__Exercise objective__
Excluding any images, copy all of the lines below precisely as written.

[Data items]
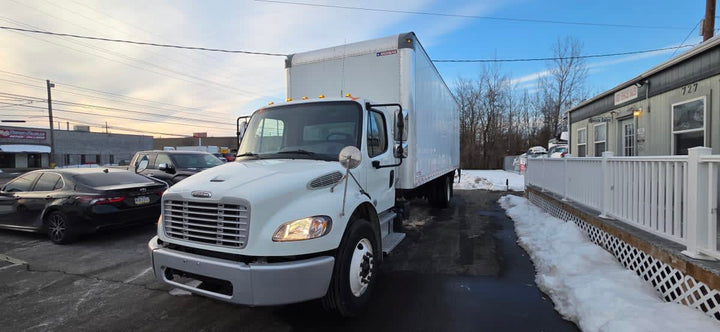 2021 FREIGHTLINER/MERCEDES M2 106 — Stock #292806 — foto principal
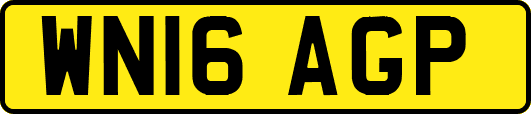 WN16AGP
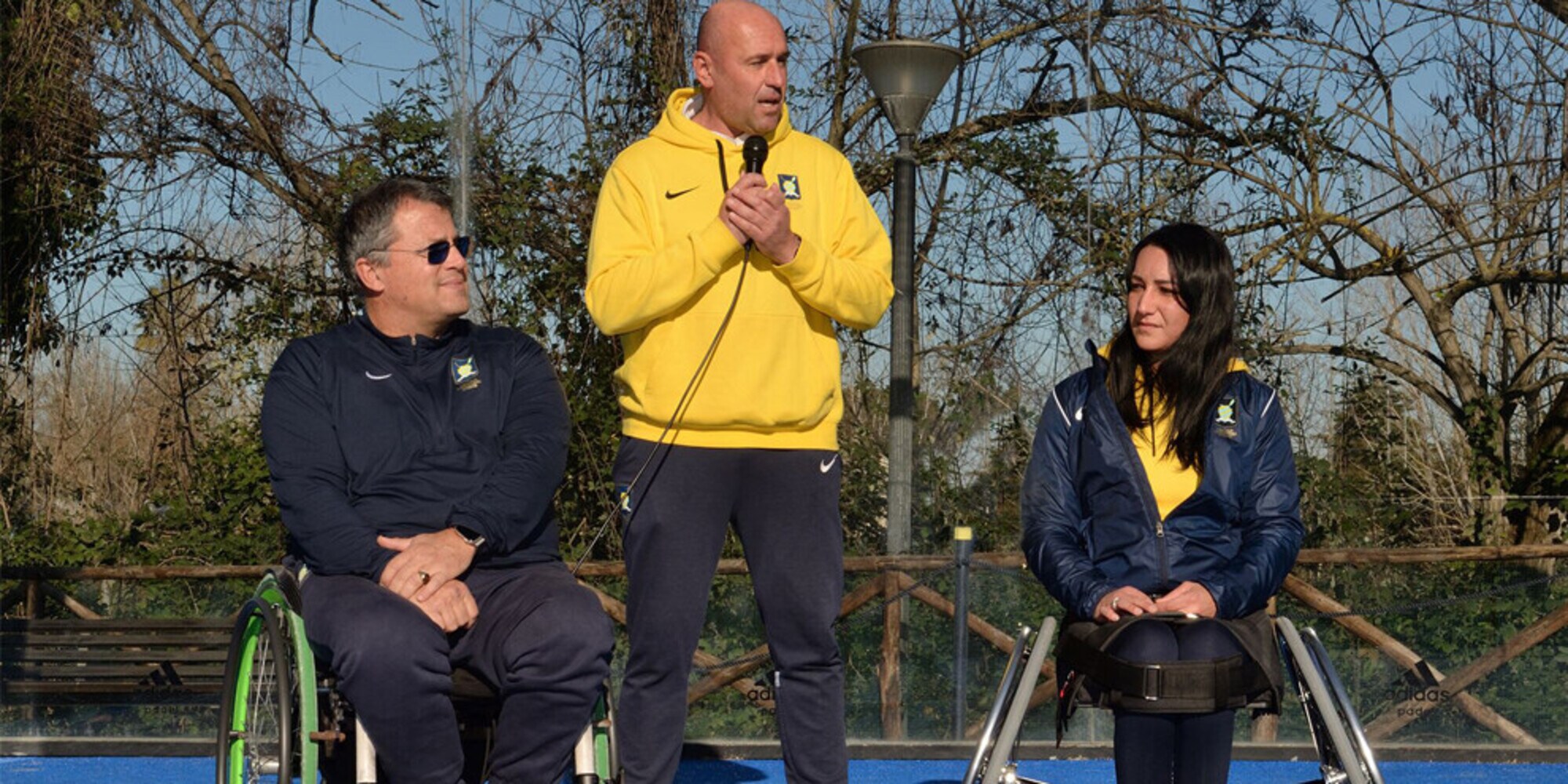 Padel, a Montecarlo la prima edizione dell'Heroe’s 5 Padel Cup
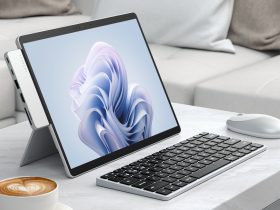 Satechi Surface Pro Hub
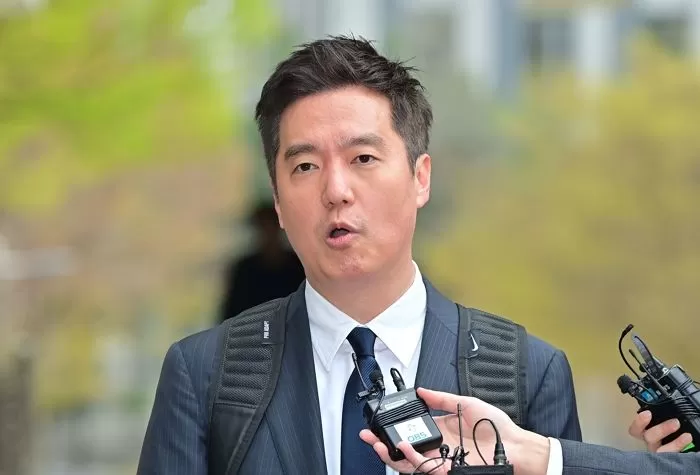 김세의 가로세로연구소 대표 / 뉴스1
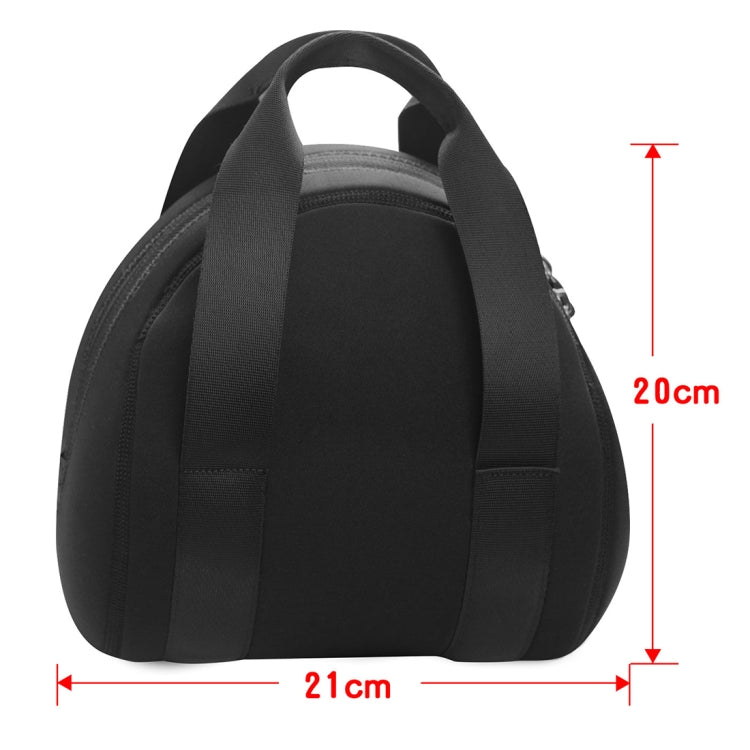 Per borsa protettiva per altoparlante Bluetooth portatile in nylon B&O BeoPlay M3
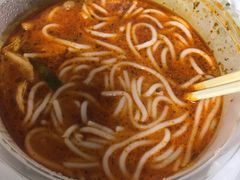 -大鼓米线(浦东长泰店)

__Result of the exercise__
 2021 FREIGHTLINER/MERCEDES M2 106 — Stock #292806 — foto principal
 WN16AGP
 Padel, a Montecarlo la prima edizione dell'Heroe’s 5 Padel Cup
 Satechi Surface Pro Hub
 김세의 가로세로연구소 대표 / 뉴스1
 Per borsa protettiva per altoparlante Bluetooth portatile in nylon B&O BeoPlay M3
 -大鼓米线(浦东长泰店)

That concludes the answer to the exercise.